◆ TASK
I need the lines below from the one with "L'interface utilisateur lors" down to the one with "Rione Monti Studio" reproduced exactly, both ends included, and nothing else.

◆ DATA SUPPLIED
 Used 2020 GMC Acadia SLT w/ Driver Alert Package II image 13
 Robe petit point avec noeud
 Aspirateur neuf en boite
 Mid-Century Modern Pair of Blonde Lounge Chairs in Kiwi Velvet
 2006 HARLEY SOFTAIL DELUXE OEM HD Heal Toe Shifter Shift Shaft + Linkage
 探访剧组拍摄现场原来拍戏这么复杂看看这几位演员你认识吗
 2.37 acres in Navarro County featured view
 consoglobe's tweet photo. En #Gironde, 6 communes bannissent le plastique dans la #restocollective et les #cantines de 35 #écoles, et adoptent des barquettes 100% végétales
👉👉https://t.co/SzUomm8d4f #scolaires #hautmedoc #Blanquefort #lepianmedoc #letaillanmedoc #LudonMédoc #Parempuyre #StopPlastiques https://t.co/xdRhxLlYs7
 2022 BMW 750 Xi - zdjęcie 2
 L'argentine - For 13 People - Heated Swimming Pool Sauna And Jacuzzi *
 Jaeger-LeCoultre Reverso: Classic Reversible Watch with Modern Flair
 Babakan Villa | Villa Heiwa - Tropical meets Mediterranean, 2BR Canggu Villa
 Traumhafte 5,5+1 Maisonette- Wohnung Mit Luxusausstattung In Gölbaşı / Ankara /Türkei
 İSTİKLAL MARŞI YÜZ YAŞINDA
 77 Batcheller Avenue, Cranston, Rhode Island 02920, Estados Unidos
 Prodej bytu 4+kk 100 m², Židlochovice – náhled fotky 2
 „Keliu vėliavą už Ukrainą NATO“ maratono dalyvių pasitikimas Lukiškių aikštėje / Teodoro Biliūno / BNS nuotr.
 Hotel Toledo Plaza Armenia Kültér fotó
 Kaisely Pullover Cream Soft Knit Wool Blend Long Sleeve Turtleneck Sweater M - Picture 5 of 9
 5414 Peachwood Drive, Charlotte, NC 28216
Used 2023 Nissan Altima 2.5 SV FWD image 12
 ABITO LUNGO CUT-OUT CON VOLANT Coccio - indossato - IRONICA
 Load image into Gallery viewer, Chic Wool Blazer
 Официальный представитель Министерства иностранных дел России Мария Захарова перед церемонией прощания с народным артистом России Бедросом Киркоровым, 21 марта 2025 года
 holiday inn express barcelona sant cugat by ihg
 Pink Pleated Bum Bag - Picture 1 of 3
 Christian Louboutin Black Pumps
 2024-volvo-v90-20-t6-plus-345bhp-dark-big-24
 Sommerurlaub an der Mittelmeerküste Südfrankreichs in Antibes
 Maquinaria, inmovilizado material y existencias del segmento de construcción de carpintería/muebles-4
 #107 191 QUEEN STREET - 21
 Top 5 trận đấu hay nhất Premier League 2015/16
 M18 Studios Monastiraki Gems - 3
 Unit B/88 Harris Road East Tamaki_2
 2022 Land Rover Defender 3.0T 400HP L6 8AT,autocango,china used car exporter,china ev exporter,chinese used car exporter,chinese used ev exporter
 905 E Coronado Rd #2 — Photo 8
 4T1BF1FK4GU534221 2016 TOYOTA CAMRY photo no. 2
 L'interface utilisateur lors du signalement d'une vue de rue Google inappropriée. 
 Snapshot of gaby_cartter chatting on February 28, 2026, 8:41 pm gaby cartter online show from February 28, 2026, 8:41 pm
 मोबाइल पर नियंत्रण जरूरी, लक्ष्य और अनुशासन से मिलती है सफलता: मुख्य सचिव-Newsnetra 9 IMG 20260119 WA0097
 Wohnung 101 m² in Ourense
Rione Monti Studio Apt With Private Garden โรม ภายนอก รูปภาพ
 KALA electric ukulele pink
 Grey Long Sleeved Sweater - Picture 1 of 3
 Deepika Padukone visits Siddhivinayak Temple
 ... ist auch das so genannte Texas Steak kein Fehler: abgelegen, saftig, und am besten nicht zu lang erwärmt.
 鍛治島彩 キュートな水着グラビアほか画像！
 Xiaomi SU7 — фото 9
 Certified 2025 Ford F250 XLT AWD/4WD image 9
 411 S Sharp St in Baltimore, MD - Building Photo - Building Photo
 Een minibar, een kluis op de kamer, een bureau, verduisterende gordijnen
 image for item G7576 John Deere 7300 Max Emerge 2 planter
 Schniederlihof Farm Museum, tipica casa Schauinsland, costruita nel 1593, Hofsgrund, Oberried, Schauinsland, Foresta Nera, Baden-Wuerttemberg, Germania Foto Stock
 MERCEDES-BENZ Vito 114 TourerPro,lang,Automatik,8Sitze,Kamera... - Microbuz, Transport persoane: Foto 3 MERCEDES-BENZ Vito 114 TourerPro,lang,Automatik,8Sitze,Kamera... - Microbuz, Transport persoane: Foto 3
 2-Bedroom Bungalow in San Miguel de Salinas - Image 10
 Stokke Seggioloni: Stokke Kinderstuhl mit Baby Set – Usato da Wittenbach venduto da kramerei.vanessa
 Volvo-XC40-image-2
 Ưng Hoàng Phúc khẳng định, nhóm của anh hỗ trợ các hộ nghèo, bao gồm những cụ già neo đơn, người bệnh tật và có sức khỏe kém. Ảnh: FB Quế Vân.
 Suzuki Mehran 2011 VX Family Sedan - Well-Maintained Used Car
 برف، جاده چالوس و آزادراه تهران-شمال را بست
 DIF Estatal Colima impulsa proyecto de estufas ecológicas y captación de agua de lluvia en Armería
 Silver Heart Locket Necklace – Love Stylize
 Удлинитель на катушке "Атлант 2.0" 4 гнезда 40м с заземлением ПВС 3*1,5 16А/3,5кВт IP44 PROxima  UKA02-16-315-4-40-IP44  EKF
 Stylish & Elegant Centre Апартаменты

◆ YOUR SOLUTION
 L'interface utilisateur lors du signalement d'une vue de rue Google inappropriée. 
 Snapshot of gaby_cartter chatting on February 28, 2026, 8:41 pm gaby cartter online show from February 28, 2026, 8:41 pm
 मोबाइल पर नियंत्रण जरूरी, लक्ष्य और अनुशासन से मिलती है सफलता: मुख्य सचिव-Newsnetra 9 IMG 20260119 WA0097
 Wohnung 101 m² in Ourense
Rione Monti Studio Apt With Private Garden โรม ภายนอก รูปภาพ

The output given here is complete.